'Drop mandatory insurer strength ratings'

Requiring insurers to have financial strength ratings adds cost to the industry but does little to help consumers, industry commentators say.

Monday, June 18th 2018, 6:00AM 12 Comments

by Susan Edmunds

The law requires licensed insurers to have a current rating from an independent ratings agency.

It can cost about $100,000 to get a rating.

But insurance law specialist Crossley Gates said that was of little use to the companies' customers. He said the issue had been highlighted again by the failure of CBL.

"If insurer failure is the problem we are trying to avoid I don't think the ratings thing is working at all.
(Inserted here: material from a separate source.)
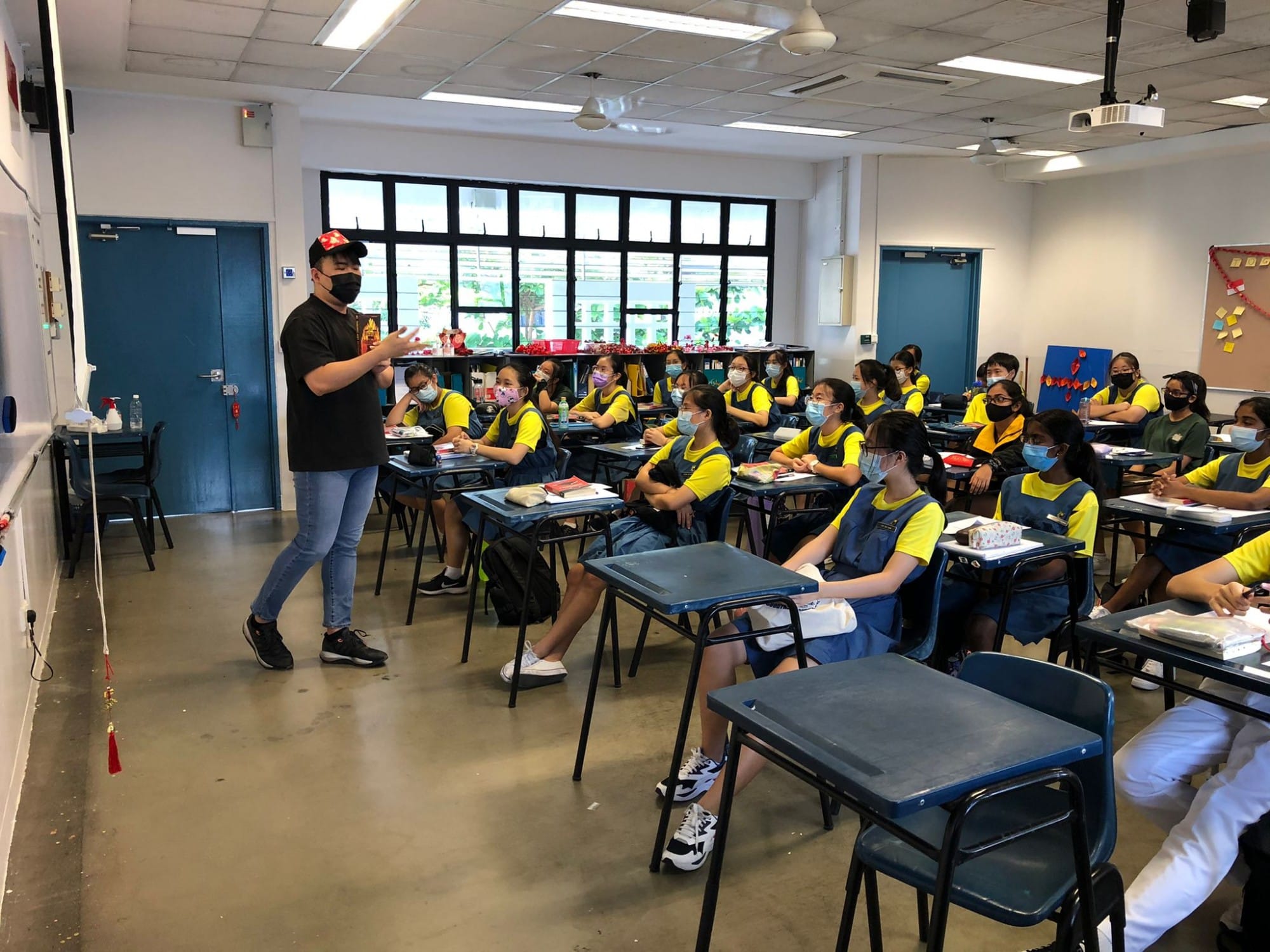 A masked teacher in black stands before rows of students in yellow uniforms wearing masks in a classroom.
It's just a hugely expensive exercise."

He said the Insurance Prudential Supervision Act should be enough to deal with issues of insurer solvency. The Reserve Bank should be given more resources to monitor the sector, if necessary.

"If prudential regulation is not enough, maybe that needs to be bolstered up there. I would have thought [ratings] are redundant and should be dropped."

David Whyte, former managing director of AIG Life in Australia and general manager of AIA in New Zealand, agreed the ratings were a waste of money.

AIG nearly folded in the global financial crisis, despite having an AA+ rating.

He said some in the industry thought their obligations under IPSA were more stringent than the tests for financial ratings agency research.

"This surely raises the question why there is additional expense incurred in creating a report that adds nothing to the comfort provided by the IPSA legislation."

Consumers did not understand what ratings meant, anyway, he said.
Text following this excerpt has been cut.